Saved data entries
----
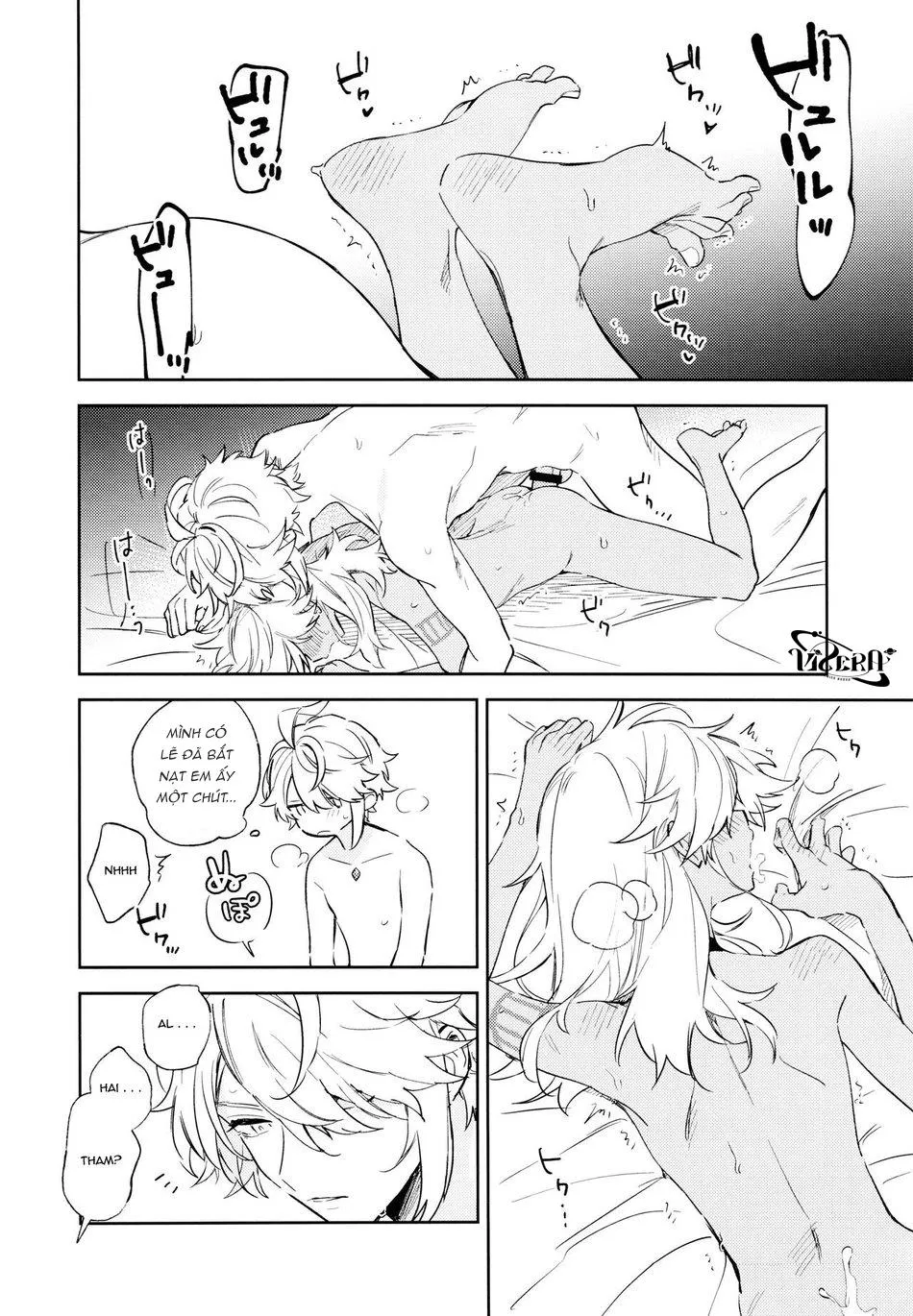 Tổng Hợp Oneshot Genshin Impact Chapter 2 Trang 26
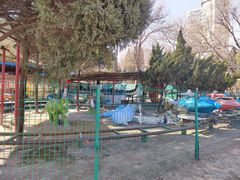 -方庄体育公园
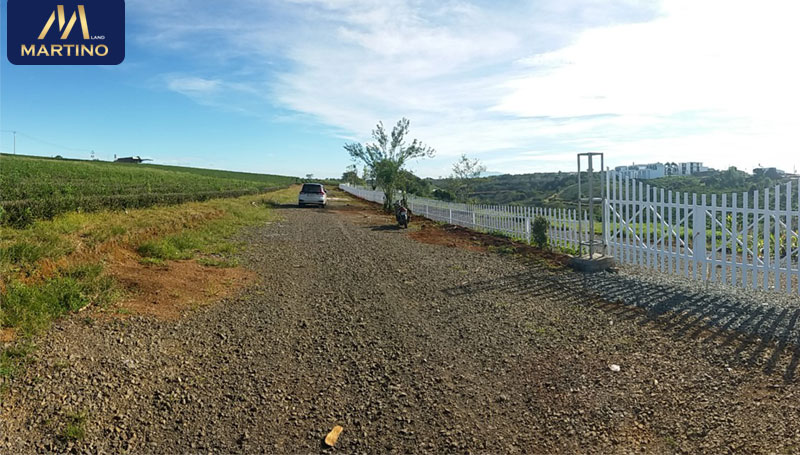 Chuyển nhượng đất biệt thự tại Lộc Tân, Bảo Lâm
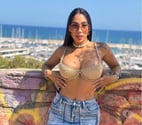 Sexy Samantha colombian baby face NEW in your city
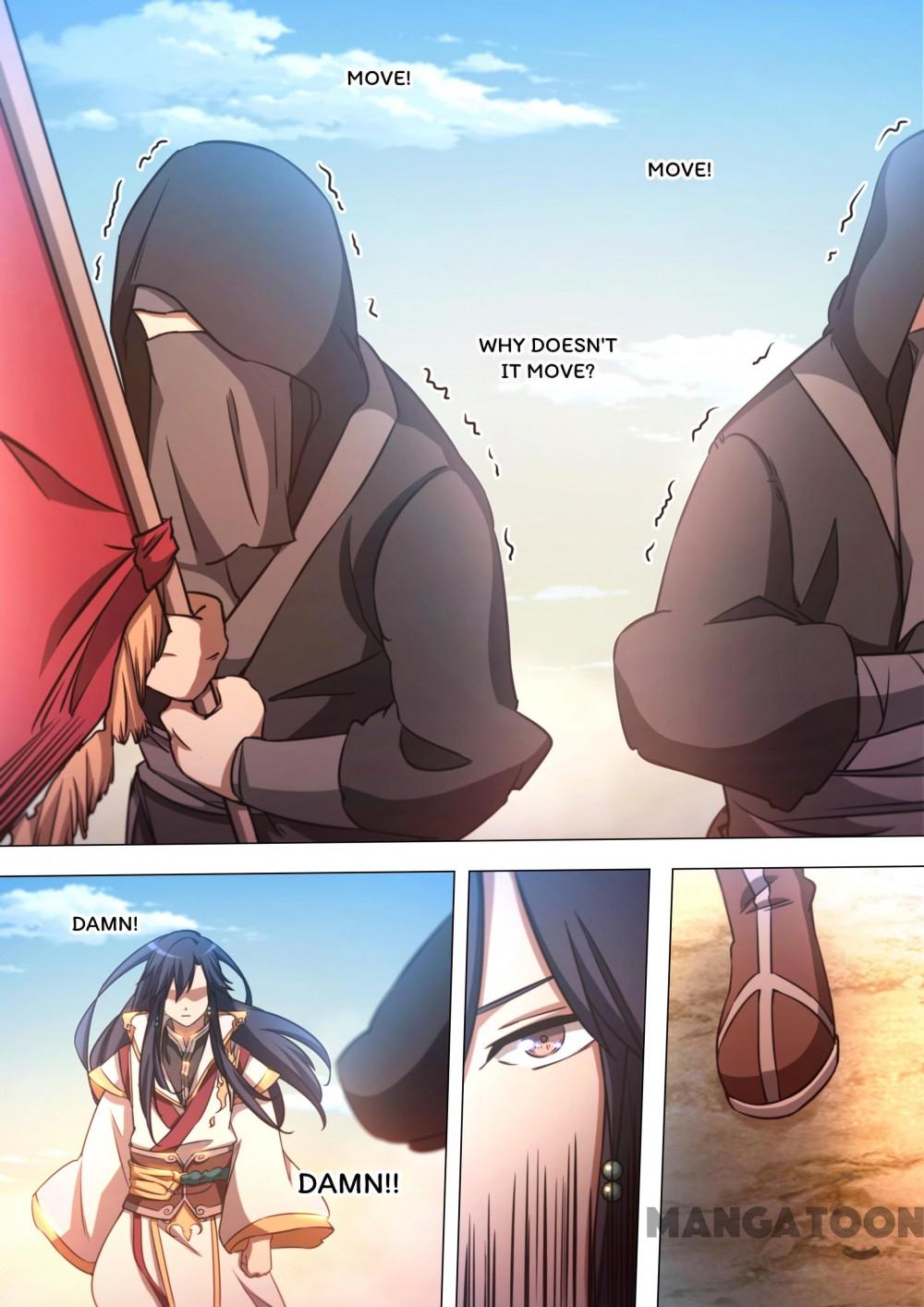 Everlasting God of Sword — Chapter 80 — page 8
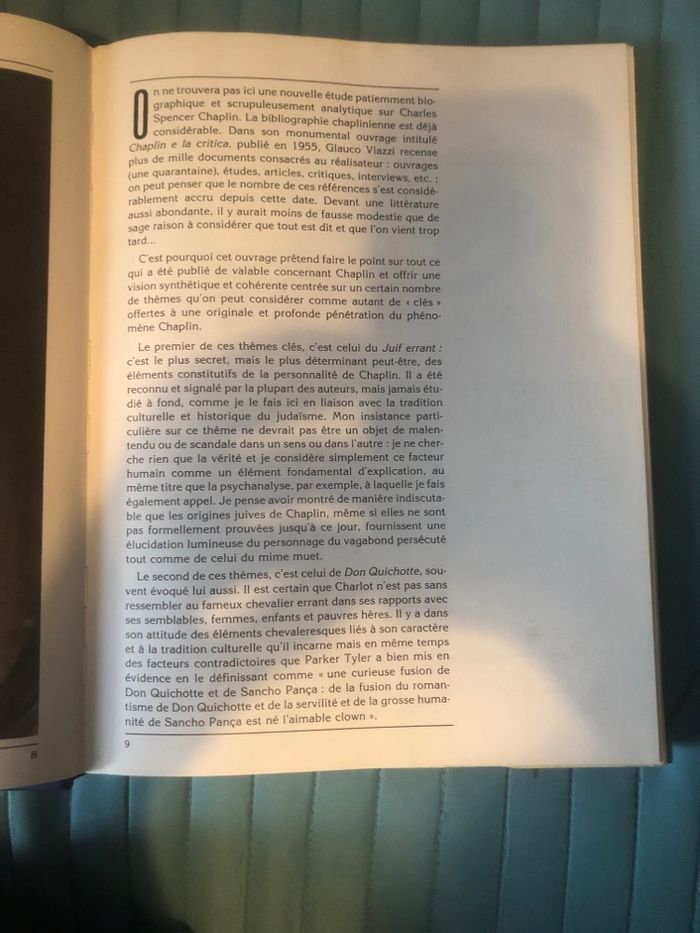 Charles Chaplin - Marcel MArtin - photo numéro 2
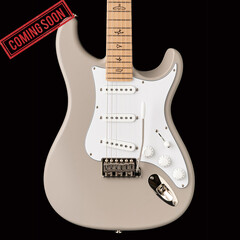 PRS Guitars PRS Silver Sky - Moc Sand - Satin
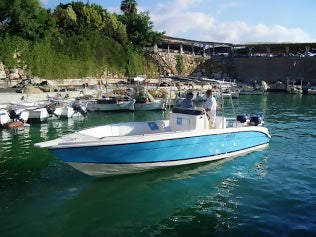 tiger 27 open 5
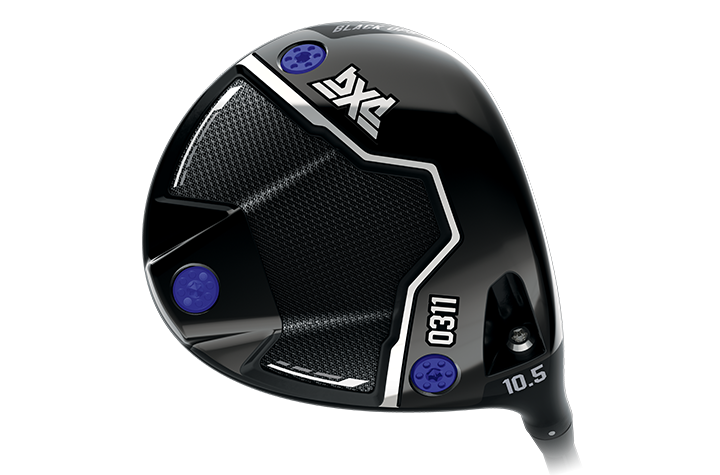 PXG 0311 Black Ops Driver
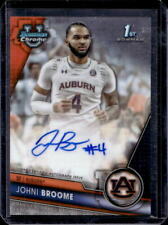 Usado, 2023-24 Bowman University Chrome Johni Broome Prospect autografado #BCPA-JB comprar usado  Enviando para Brazil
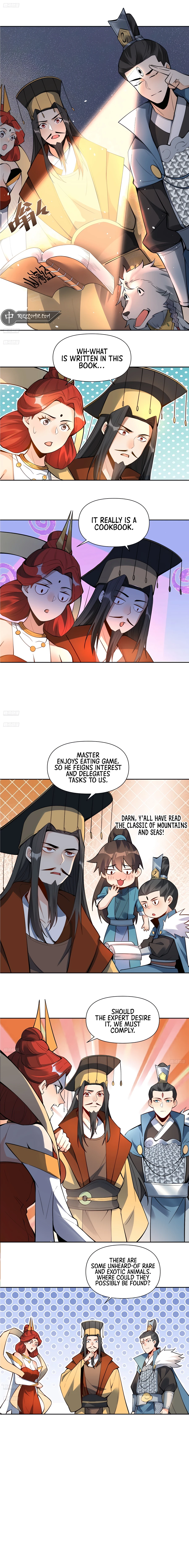 A Big Shot Actually Chapter 388 - 2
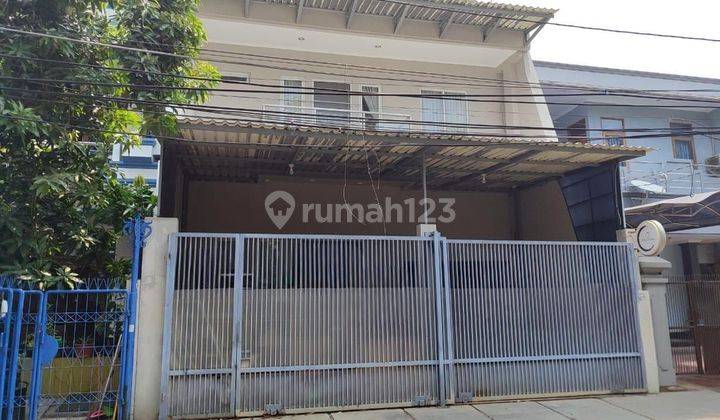 Dijual Rumah Murah Siap Huni Di Tanjung Duren 1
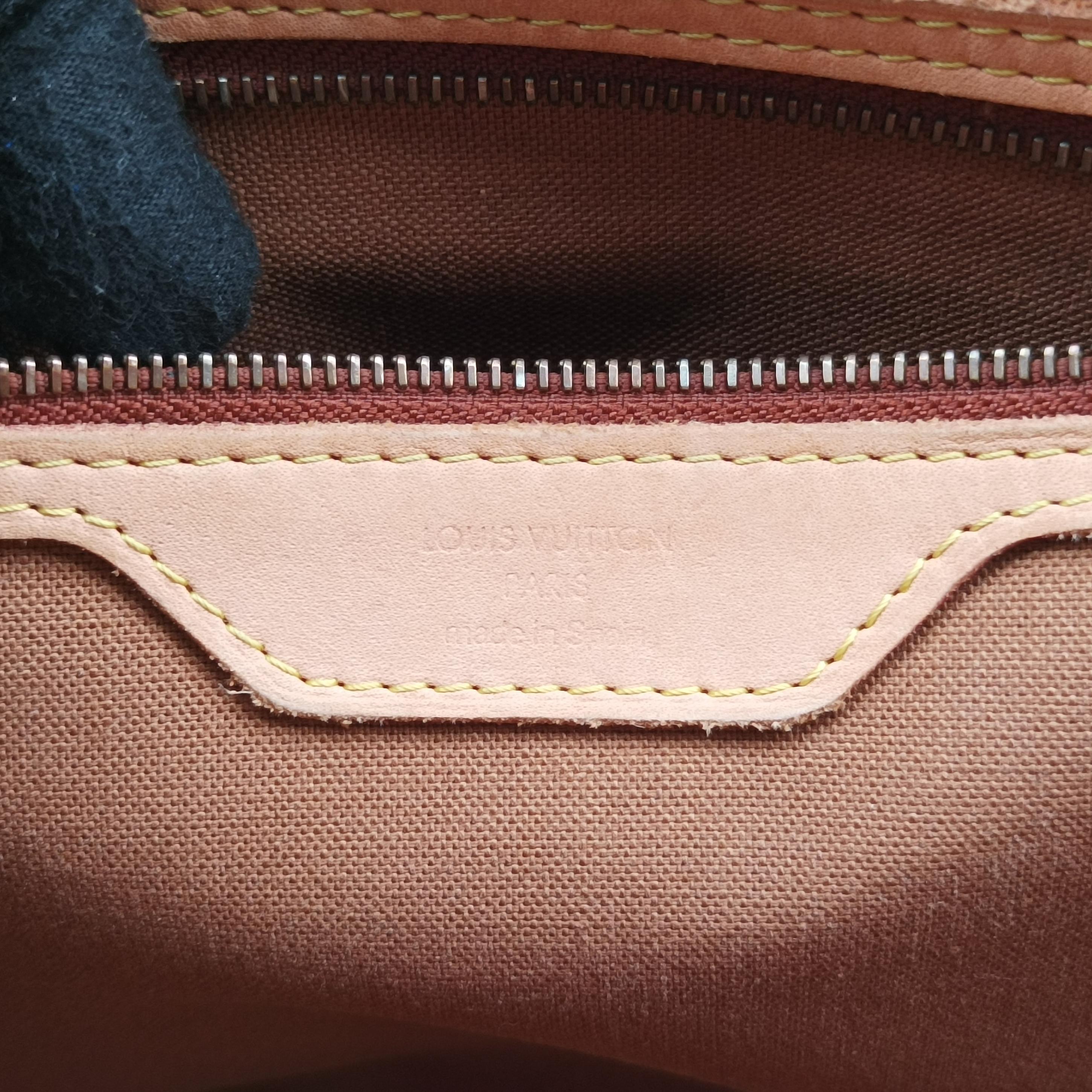 ABBESSES brown Monogram Canvas M45257 CA3058アベス モノグラム/ブラウン系 モノグラムキャンバス M45257 CA3058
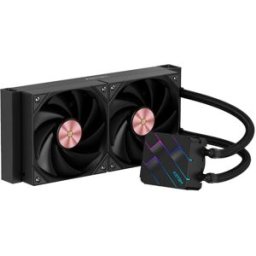 ABYSM GAMING COOLER LIQUID OCEANIC TIDE 240 BLACK - 8436617920998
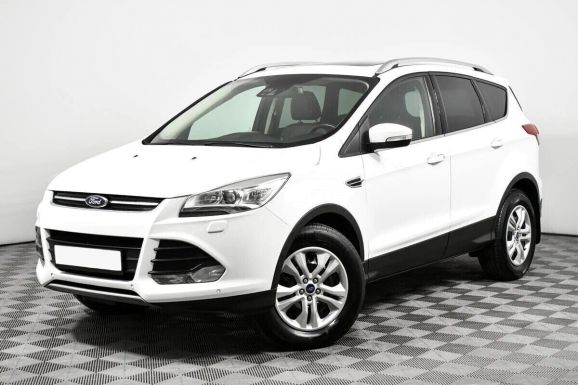 Ford Kuga, 1.6 л, АТ, 2013 фото 3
----
● **WORK TO BE COMPLETED**
Write the lines out again exactly, beginning at the one containing "Dijual Rumah Murah" and ending with the last line of the entries, but without any pictures.

● **EXERCISE RESULT**
 Dijual Rumah Murah Siap Huni Di Tanjung Duren 1
 ABBESSES brown Monogram Canvas M45257 CA3058アベス モノグラム/ブラウン系 モノグラムキャンバス M45257 CA3058
 ABYSM GAMING COOLER LIQUID OCEANIC TIDE 240 BLACK - 8436617920998
 Ford Kuga, 1.6 л, АТ, 2013 фото 3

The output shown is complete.